§ Dataset extract

[Start of Attachment]

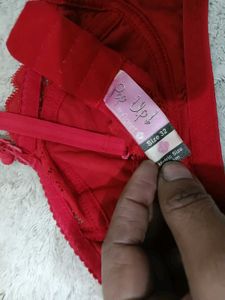 Red Lace Bra - Floret Pop Up!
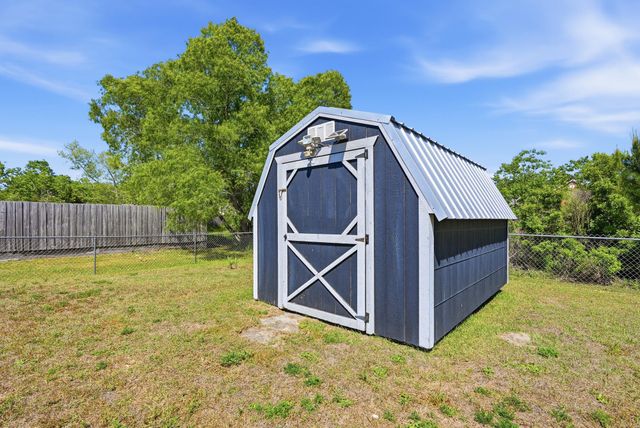 573 Tropical Way, Freeport, FL 32439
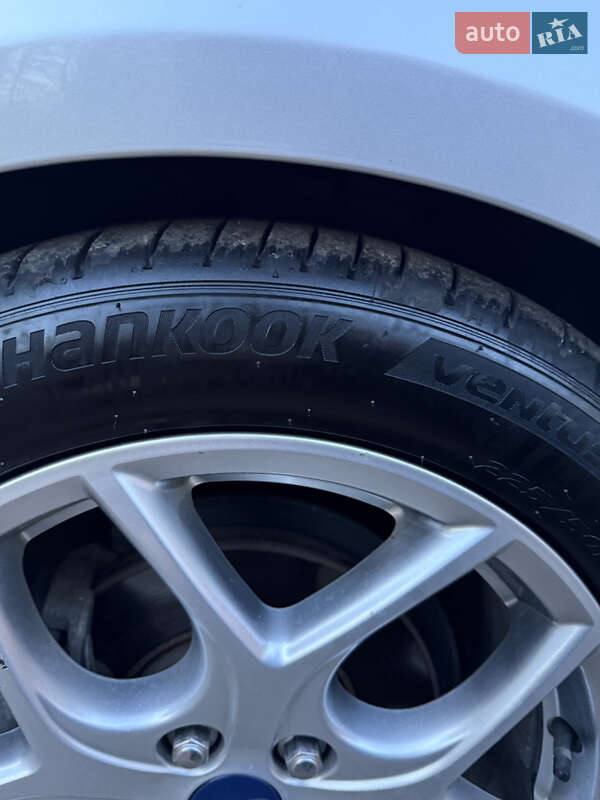 Седан Ford Focus 2015 в Кривом Роге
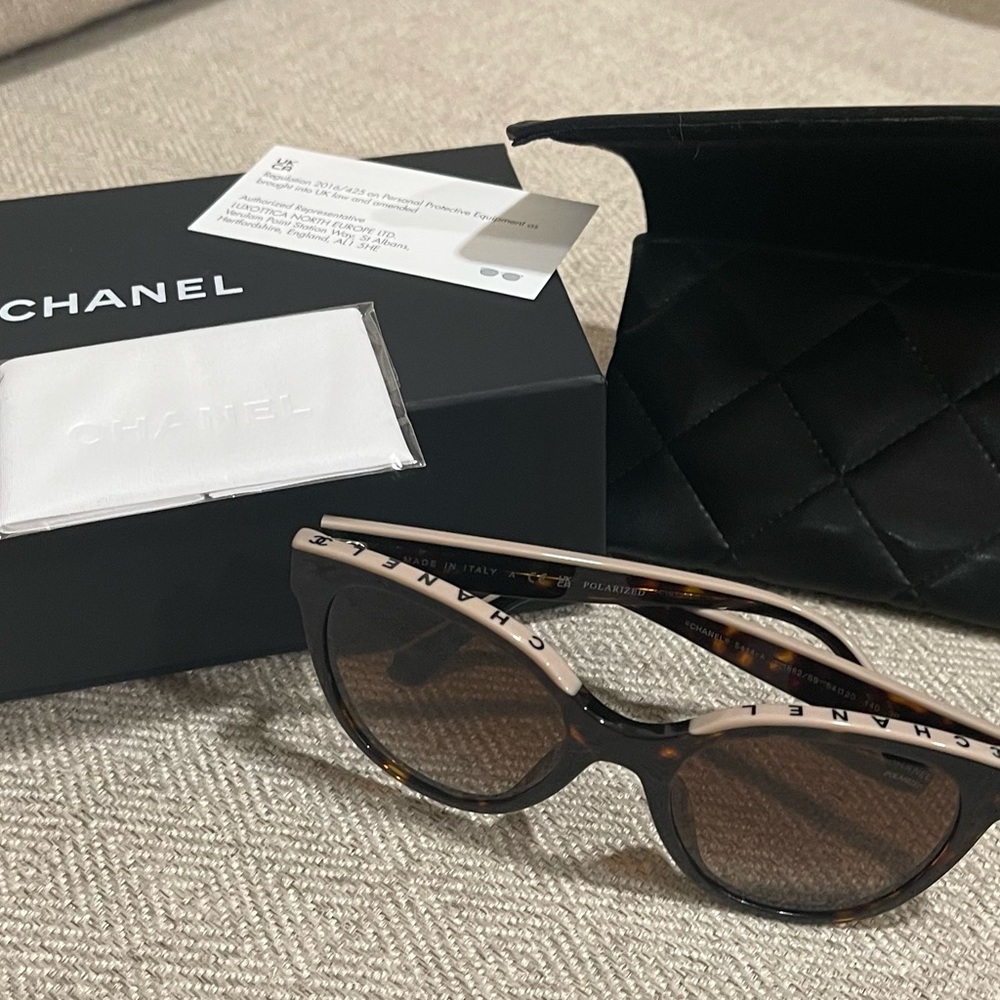 CHANEL 5414 Women’s Butterfly Sunglasses, Brown Tortoise/Beige, Polarized.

[End of Attachment]

§ What is required
Pictures aside, the material must be written out word for word.

§ Your response
 Red Lace Bra - Floret Pop Up!
 573 Tropical Way, Freeport, FL 32439
 Седан Ford Focus 2015 в Кривом Роге
 CHANEL 5414 Women’s Butterfly Sunglasses, Brown Tortoise/Beige, Polarized.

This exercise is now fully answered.